Friday, July 03, 2009

Love is A Verb V

Luke 10:25-28

Sometimes it's good to check back at home base and see where we have been. This passage from Luke is our theme passage of the For the Love of God emphasis. We have studied about loving God emotionally and our need to be freed up to express openly our feelings for God. Last week, we looked at loving God spiritually, opening up to the greatness (transcendance)and the intimacy (immanence)of God through prayer, reflection and quietness with God. This week, we have been looking at behavior in worship, work, family and other arenas of life and how we might love God in those actions. Next week, the emphasis will be on our minds. My hope is that through the study, the worship, and your own times with God, you are beginning to broaden and deepen your walk with God. And need I remind you of the key first ingredient in all of this - allowing God to love you - letting him touch your emotionally, spiritually, physically and mentally? Are you learning more of what it means to live responsively to God, loving Him who has loved you first?

Today, I invite you to look a little closer to the context of Luke's version of the great commandments. A lawyer stands to test Jesus in public debate. "Teacher, what must I do to inherit eternal life?" There was another that asked that same question. The rich young ruler in Matthew 19 asked it and Jesus told him he needed to give away everything he had and give it to the poor and then "come follow me." People were seeking eternal life, both in life beyond death, but also in a higher quality of life in the present. Jesus' ministry offered both. For the lawyer, eternal life was more about having a life that God approved, a life that would be rewarded in paradise. It would not likely have had as much emphasis on heaven as we do in the Christian faith, for the Jewish faith never has had that emphasis. But still Jesus points this astute lawyer to just as much a growing edge (a conversion point) as he did the rich young ruler. It was one thing to know and interpret the law correctly, quite another to do it. The lawyer knew the great commandments, but would he live by them? Eventually, what we feel, spiritually experience, and think must be seen in our behavior.

James 4:1-17

For James, a dynamic faith is one that combined our strong beliefs with holy and transforming action. The letter of James is often called a general epistle, because we find no mention of who it is intended for. But one general problem for all the early church writers (Peter, Paul, John and James) was conflict within the Church. In 36 years of ministry (9 in music and 27 in the pastorate)I have served nine congregations and been a district superintendent with 37 others. I have yet to know a church that has been conflict-free. We do not see things the same way and so differences can be healthy, as long as we don't assume our way of seeing things is the only way. But what often happens is what James describes, Christian people trying to achieve what they want through the normal earthly means of power plays, misinformation, manipulation, and a host of other methods. For James, when we use those techniques, we are guilty of adultery, jilting God's ways for the ways of the world (verses 4 and 5).

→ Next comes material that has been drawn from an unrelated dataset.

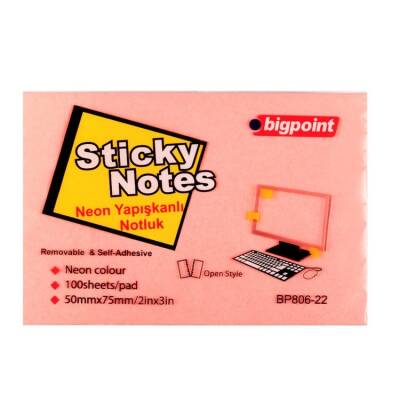 Bigpoint Yapışkanlı Not Kağıdı 75x50mm Neon Pembe - 1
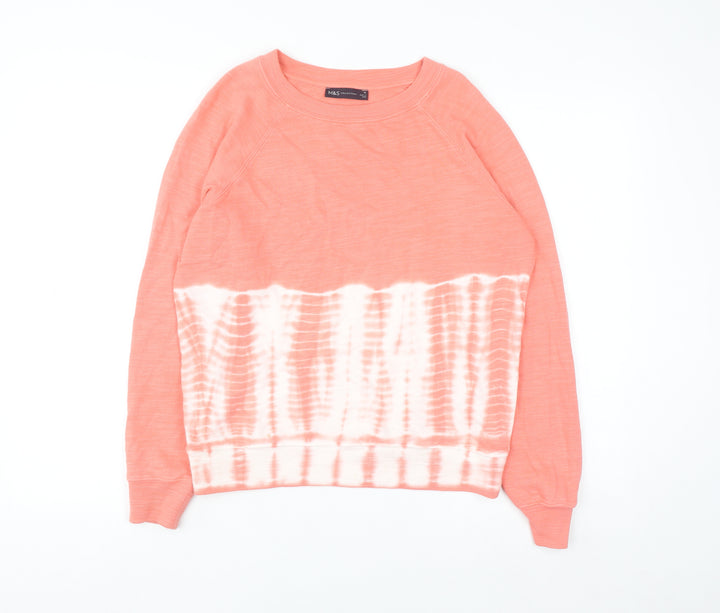 Marks and Spencer Women Orange Tie-Dye Cotton Sweatshirt Size 10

As a point of application, I have asked Christian politicians why they are just as prone to negative campaigning as their less overtly religious opponents. They simply say in one way or another, "That's just what you have to do." Are they selling their souls to be elected? Are WE selling our souls to get what we want and then pretending to be truly Christian afterwards? It is natural and human for us to do these things, but it is beneath the standard of what God calls for. It takes work to do what James says to "swallow our pride," to "yield to God" when we would rather have our own way, to "resist the devil". Have you noticed that the world has no trouble seeing when Christians and churches behave badly? They call us on it right away. But we have trouble seeing it in ourselves. James calls for self-examination and repentance, a humbling of ourselves so that God can lift us up. We move from narrow-mindedness and judgmentalism into humble open listening and speaking.

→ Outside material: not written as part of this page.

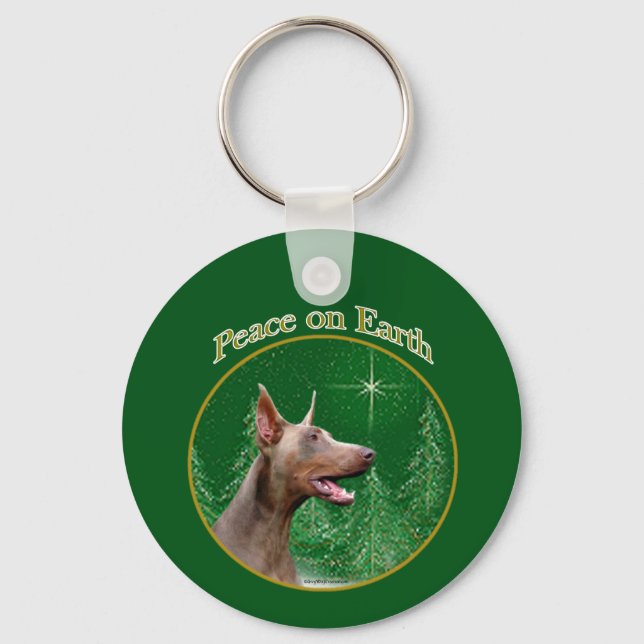 Doberman Pinscher (isabella) Peace Keychain (Front)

We live in a very polarized time in society, where opposing views dehumanize and demonize each other, resulting in very little positive action. I find the same thing has happened between varying belief perspectives, varying age groups, and varying political orientations within the Church. There is a place for conflict in the Christian community with one goal in mind - faithfully following the mission of Jesus Christ to save people and transform the world. With one goal, we have one guide - speaking the truth in love. With one goal and one guide, we are then free to not only speak and act openly and respectfully to each other, but also to hear the voice of God together. May we the quite diverse people of God at St. Luke's model that kind of positive and productive conflict that leads to world-changing unity.

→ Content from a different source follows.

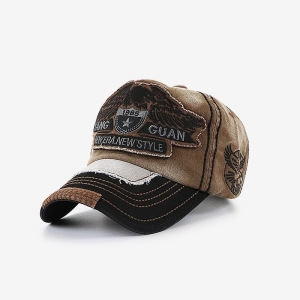 欧美时尚棒球帽刺绣水洗做旧帽子遮阳防嗮鸭舌帽男女士秋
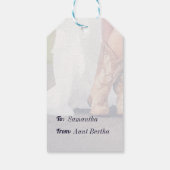 Texas Bruid in Laarzen Bruiloftsfeestje Cadeaulabel (Achterkant)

James finishes the chapter calling for another kind of humility - the kind that acknowledges that we do not have all the answers and have to rely on the wisdom, purposes and timing of God. Rather than egotistically saying, "This is what I am going to do" and "this is what I want," we say, "If it be God's will, we will do this." I have seen this teaching misused, as people have excused their lack of action because they are "waiting on God" for guidance, when scripture and conscience have given us all the guidance we need. Must we wait on God to feed the hungry and clothe the naked, to tell others about Christ, to reconcile with those we have hurt or have hurt us, to respond to the mission that is ours in our community? James teachings here call for both humility and patience, neither of which comes to us easily. James calls our impatience and self-insistence on our way and time table arrogance. He has been tough on his readers in this chapter. I've been tempted to say, "James, now tell us what you really think!" Is he being unnecessarily harsh? Or might he be bluntly trying to get our attention that we might follow Christ more fully?

Have a great fourth of July holiday.